→ WORK TO COMPLETE: Transcribe exactly the lines that begin the material and continue through the line containing "living room with recessed". Leave out whatever follows.

→ PROVIDED INFORMATION:
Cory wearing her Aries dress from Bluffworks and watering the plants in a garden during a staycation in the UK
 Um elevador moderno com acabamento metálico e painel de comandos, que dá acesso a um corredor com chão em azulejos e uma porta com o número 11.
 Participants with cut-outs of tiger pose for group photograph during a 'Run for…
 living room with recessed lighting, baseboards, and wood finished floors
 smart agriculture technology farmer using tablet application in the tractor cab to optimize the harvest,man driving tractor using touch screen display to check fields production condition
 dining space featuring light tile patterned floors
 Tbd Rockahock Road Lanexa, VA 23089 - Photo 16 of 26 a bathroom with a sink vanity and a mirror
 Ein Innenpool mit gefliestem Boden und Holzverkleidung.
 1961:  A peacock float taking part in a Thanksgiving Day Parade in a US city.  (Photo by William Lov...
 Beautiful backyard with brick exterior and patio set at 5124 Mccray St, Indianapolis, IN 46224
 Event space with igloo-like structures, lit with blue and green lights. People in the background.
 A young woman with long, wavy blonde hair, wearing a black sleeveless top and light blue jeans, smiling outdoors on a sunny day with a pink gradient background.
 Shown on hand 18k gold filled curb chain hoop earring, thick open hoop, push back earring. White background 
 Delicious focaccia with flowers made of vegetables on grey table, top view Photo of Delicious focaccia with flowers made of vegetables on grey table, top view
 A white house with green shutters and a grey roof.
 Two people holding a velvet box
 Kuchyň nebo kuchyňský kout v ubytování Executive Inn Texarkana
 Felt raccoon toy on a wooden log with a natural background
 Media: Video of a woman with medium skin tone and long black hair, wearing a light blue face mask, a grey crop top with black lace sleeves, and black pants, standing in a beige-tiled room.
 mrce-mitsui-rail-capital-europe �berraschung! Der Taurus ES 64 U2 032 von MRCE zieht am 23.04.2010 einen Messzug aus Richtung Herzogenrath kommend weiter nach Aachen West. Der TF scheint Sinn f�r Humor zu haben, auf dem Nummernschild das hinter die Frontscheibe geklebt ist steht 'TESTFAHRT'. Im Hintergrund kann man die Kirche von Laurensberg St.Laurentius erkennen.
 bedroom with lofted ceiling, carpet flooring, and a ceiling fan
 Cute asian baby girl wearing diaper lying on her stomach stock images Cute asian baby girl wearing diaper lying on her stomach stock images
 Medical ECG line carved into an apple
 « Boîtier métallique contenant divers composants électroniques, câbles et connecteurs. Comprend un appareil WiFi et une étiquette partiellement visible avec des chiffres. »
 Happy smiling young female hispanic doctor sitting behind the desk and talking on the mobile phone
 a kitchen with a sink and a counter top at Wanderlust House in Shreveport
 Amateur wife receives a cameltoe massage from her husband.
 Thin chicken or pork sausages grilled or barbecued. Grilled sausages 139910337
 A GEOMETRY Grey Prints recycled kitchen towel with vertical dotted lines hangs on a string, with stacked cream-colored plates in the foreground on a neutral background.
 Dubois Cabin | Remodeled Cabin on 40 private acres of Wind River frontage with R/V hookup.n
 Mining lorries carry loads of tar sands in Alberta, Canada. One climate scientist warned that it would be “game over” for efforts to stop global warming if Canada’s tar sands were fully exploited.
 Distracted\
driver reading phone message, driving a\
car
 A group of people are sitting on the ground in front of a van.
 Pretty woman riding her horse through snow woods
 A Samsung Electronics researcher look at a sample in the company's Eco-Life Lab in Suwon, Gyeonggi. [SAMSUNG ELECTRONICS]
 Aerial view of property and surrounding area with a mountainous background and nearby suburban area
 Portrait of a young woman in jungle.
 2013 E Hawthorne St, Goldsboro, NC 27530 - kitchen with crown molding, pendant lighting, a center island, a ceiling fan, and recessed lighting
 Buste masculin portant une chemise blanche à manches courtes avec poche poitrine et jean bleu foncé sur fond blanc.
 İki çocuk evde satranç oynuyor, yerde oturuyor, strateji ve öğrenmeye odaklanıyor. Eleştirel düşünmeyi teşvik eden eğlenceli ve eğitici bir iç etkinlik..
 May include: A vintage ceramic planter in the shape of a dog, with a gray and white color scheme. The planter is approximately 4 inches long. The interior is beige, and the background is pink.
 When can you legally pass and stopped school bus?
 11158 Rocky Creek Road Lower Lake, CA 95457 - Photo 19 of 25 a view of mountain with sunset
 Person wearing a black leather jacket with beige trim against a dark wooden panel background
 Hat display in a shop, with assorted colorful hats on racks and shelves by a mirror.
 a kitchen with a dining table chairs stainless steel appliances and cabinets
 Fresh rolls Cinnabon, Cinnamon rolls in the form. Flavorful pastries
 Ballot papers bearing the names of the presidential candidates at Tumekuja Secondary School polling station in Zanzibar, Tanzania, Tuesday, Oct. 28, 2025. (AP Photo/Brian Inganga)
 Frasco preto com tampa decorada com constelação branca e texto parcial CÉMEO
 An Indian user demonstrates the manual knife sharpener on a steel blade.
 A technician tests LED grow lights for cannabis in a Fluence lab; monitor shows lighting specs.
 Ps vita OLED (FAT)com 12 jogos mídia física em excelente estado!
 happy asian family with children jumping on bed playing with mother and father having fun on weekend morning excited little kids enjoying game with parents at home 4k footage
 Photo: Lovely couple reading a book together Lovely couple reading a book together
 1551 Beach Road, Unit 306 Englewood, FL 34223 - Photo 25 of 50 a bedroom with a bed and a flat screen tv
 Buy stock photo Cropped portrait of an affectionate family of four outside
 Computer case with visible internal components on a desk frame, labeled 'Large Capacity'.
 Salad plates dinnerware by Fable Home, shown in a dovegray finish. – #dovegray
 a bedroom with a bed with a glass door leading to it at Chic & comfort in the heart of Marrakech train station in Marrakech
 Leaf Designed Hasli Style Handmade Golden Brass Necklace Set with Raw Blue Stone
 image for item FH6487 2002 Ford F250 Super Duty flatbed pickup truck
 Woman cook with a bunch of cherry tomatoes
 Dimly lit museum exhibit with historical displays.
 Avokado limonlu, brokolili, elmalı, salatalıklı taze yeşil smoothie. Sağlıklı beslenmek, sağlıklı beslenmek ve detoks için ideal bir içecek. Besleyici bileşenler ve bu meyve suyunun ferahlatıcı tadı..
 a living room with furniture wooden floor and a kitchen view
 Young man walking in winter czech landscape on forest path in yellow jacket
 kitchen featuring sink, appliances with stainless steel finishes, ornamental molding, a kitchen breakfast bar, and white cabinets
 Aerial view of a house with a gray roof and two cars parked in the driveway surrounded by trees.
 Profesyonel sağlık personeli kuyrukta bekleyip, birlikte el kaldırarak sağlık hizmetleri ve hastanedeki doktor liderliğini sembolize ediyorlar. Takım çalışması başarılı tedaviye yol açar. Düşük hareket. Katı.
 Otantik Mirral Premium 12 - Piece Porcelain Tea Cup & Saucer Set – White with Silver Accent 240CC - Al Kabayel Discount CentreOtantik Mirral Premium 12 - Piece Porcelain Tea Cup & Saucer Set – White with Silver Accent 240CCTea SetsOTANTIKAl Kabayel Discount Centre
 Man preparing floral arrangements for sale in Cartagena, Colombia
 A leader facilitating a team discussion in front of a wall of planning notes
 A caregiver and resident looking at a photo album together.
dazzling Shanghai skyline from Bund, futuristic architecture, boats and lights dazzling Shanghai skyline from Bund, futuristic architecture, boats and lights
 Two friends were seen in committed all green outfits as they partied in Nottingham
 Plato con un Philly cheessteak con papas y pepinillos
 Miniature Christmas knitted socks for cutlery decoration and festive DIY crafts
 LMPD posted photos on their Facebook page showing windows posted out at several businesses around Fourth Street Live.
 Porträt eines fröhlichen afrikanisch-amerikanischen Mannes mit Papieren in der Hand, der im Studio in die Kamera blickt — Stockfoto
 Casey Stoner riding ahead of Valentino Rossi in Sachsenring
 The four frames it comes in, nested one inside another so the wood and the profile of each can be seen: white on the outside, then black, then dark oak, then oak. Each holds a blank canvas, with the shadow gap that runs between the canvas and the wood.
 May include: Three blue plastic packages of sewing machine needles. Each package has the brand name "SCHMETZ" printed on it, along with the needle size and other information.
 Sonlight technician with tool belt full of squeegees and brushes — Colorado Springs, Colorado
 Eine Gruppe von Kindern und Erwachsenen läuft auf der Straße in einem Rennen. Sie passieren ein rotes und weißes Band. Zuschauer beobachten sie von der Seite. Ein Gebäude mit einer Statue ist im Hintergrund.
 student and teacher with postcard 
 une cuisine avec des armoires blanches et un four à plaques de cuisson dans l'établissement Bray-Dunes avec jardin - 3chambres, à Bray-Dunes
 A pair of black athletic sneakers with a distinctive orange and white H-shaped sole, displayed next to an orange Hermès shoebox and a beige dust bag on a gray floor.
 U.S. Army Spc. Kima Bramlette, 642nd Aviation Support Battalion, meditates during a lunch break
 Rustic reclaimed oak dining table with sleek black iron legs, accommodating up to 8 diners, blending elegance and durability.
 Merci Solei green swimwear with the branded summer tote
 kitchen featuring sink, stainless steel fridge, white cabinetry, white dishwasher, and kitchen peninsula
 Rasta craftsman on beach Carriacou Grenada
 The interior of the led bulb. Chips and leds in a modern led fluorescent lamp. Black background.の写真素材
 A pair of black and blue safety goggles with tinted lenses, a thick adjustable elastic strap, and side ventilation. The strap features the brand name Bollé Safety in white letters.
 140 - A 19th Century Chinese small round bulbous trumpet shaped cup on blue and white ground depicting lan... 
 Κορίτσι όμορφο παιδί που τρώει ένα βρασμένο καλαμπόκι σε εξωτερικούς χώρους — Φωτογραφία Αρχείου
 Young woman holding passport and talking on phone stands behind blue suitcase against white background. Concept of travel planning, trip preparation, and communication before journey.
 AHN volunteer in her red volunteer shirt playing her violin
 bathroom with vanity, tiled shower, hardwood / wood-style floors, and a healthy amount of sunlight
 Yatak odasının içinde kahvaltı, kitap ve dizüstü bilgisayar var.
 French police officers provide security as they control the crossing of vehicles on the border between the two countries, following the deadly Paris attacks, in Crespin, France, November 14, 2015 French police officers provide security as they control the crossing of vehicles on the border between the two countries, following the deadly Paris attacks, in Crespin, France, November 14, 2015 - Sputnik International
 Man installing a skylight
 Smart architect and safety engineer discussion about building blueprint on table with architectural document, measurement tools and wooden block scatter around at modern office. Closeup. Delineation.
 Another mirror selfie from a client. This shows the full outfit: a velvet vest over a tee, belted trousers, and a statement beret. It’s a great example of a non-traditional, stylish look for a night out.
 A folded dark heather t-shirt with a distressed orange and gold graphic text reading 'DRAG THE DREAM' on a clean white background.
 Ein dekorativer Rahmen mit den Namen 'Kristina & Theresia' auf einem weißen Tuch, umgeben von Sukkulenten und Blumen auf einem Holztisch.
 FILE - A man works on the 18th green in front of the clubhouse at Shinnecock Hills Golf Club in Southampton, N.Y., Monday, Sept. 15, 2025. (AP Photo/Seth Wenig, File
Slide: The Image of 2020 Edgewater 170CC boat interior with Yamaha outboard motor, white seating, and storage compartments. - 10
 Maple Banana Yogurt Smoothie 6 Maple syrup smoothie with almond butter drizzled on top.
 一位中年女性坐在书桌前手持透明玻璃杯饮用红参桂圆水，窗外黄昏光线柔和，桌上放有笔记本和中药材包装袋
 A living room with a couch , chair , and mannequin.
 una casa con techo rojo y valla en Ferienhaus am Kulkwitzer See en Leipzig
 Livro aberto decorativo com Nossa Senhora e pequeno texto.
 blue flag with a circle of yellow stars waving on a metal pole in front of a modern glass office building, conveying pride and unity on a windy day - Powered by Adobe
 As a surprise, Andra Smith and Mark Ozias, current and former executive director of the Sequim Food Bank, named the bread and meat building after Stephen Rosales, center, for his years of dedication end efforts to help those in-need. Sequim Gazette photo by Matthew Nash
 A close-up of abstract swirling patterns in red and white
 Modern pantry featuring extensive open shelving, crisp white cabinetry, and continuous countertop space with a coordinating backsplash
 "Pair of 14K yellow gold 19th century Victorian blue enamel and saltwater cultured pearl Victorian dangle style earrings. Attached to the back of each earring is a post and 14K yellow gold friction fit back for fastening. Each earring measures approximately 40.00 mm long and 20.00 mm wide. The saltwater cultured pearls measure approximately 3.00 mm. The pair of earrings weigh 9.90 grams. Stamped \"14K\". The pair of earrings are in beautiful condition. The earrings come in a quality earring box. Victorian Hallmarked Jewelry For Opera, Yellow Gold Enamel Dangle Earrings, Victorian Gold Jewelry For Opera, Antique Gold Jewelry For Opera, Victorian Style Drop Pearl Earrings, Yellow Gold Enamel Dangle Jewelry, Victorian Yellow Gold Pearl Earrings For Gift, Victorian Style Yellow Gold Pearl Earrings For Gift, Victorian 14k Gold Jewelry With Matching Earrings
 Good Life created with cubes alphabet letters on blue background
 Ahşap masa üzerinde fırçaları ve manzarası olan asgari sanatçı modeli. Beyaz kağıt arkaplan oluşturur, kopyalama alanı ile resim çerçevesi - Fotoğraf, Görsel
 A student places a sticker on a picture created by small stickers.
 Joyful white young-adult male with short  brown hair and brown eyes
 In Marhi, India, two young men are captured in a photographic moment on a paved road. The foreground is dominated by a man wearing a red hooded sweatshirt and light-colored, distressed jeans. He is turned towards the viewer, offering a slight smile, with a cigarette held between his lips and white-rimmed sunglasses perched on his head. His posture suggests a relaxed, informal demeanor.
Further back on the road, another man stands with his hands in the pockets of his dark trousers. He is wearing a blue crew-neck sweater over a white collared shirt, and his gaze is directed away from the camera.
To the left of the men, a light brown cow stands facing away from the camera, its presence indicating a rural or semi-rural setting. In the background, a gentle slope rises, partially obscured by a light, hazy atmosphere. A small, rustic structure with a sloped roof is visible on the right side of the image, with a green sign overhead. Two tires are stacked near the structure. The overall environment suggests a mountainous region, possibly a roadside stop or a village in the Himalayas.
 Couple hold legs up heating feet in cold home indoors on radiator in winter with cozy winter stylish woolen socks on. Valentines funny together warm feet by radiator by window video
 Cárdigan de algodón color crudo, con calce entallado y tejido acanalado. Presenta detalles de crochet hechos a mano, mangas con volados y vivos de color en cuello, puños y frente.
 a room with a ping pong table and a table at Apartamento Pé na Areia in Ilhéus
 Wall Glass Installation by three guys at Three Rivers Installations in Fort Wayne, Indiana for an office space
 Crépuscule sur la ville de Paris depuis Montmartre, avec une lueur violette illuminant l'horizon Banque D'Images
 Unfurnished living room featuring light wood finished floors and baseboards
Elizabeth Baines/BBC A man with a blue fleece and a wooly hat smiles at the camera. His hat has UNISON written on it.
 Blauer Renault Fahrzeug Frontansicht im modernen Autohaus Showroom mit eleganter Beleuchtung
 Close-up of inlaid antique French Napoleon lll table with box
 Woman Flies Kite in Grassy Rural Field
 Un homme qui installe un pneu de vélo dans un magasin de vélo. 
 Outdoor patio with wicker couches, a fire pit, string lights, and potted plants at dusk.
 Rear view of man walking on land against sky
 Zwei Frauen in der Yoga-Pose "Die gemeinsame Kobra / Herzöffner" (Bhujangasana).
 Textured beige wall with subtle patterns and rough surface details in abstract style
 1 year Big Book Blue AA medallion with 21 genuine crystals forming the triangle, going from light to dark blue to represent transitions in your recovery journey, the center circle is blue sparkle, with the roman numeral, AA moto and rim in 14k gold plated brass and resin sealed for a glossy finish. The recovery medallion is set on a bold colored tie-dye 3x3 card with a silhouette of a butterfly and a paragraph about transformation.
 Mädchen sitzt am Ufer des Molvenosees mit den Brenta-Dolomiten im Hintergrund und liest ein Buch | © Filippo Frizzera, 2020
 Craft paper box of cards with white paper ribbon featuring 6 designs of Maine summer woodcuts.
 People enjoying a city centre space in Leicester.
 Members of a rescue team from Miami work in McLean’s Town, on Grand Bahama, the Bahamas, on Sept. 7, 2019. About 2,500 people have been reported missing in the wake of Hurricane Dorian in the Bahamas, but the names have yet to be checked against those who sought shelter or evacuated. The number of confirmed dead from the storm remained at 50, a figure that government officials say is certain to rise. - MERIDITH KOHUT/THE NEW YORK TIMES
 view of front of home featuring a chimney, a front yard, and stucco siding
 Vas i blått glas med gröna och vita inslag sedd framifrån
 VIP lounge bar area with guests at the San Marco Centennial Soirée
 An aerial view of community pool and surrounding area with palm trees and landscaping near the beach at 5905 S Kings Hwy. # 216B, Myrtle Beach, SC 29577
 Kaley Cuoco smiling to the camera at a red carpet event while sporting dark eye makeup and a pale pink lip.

→ RESPONSE:
Cory wearing her Aries dress from Bluffworks and watering the plants in a garden during a staycation in the UK
 Um elevador moderno com acabamento metálico e painel de comandos, que dá acesso a um corredor com chão em azulejos e uma porta com o número 11.
 Participants with cut-outs of tiger pose for group photograph during a 'Run for…
 living room with recessed lighting, baseboards, and wood finished floors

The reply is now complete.